# Strikemaster Lazer Mag Xpress



## Antone (Jan 4, 2010)

I need some help folks.. I'm not the most mechanically inclined person out there. Tried to fire up the Auger last week before I went out fishing. She wouldn't go. Since I've had issue with the carburetor being dirty before, I dis-assembled it, cleaned it put it back together. Great so far right... Well, until I went to put it back on the auger. No matter what way I would orient it, it did not fit right up against the gas tank, or to the spring on the throttle cable.. Down was up, up was down... So I got mad and walked away. Pride almost got the best of me today to where I was going out to buy a new Jiffy. But.. I just need to get this thing fixed and I am determined to do it mostly on my own. Do any of you out there own one of these units? I'm looking to have you email me pictures of how the carb sits on the powerhead, and a few other basics pics of the carb, to ensure I have each of the covers that screw onto it, put back together correctly. The more pics of the whole sha-bang the better. If I ever need to do this again, I need to make myself a diagram for re-assembly.

Regards!
-A distraught and embarassed ice angler :eyeroll:


----------



## Antone (Jan 4, 2010)

Really!? No one owns this unit to help out?


----------



## MOB (Mar 10, 2005)

I have a Jiffy, but I would guess that you put one of the sides back on the carb the wrong way. Probably 180 degrees off, so that nothing lines up. Take anoother look at it and see if this is it.


----------



## bowhunter09 (Jan 25, 2009)

New strikemaster or old one? Tech or solo engine? Year makes a difference! Pics help! Do yourself a favor and dont go to the new jiffys, they have a bad engine in them this year lol Also where do you live? I mean mn or nodak? Throw a few pics up ill try to help! :beer:


----------



## riverview (Sep 1, 2009)

The diaphram will be on the bottom side of the carb. so bowhunter how many new jiffy augers have you seen with bad engines?? Or are you just quoteing what you read on the net?? I have a new jiffy 2500 lightning and it is the best cutting auger i have ever cut a hole with.


----------



## mallykiller (Mar 28, 2005)

i am pretty sure that every jiffy motor is bad, they only sound like a 350 motor running out on the ice and for as loud as they are they should cut a little faster hole, but no they don't thats why strikemaster is the way to go especially with the new solo......STRIKEMASTER>JIFFY


----------



## dairyman (Feb 24, 2008)

go to the techumsa web site and print out a diagram of the carb--it will help a bunch


----------



## bowhunter09 (Jan 25, 2009)

riverview said:


> The diaphram will be on the bottom side of the carb. so bowhunter how many new jiffy augers have you seen with bad engines?? Or are you just quoteing what you read on the net?? I have a new jiffy 2500 lightning and it is the best cutting auger i have ever cut a hole with.

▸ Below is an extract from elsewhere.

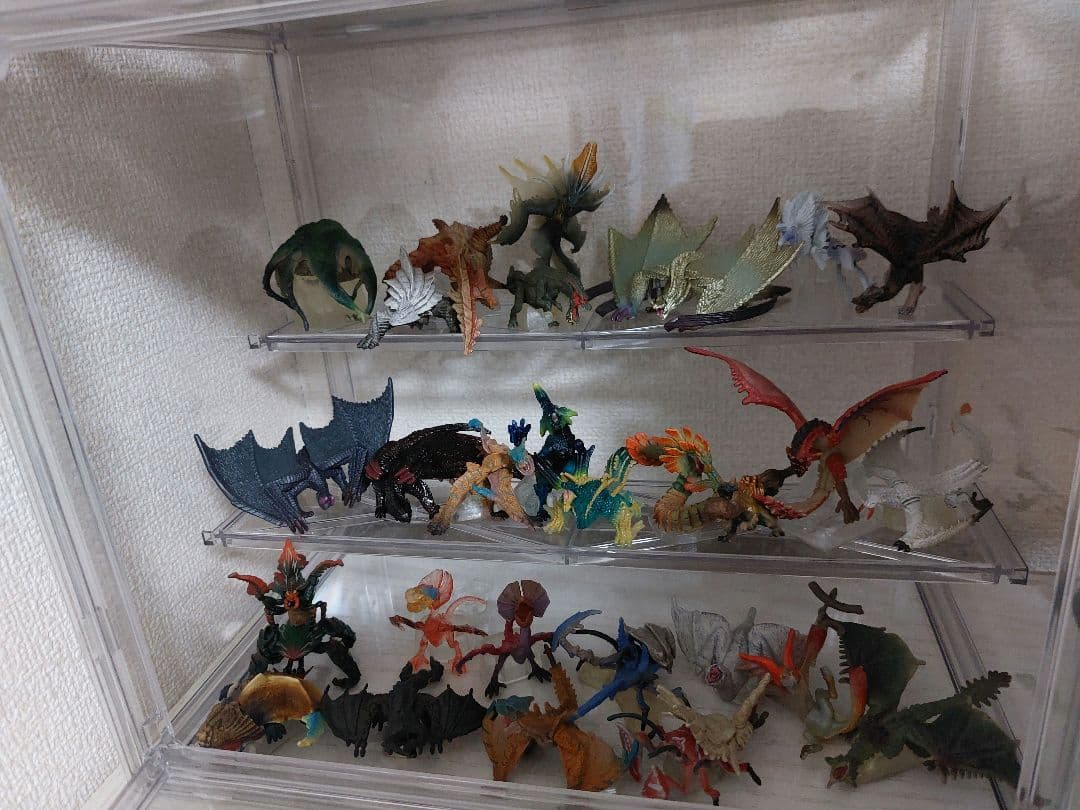 モンスター図鑑　モンハン　モンスターハンターまとめ売り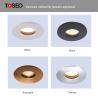 Buy cheap Black Recessed 50 W LED Waterproof IP65 Downlight For Kitchen from wholesalers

Well you obviously havent used a Strikemaster or nils... Its not a quote its a fact. You will find out sooner or later what type of engine they have in there. Eskimo use to have it in their powerheads, but there was a slight problem, it wouldnt run right in the cold so they dropped the motor!!! Well now Jiffy has them, the only thing they changed was adding a part to the exhaust, so its not "jiffy engineered"... So I feel sorry for whoever owns a Jiffy now a days, because they are not a very good motor. Maybe know the facts b4 you get all defensive :beer:


----------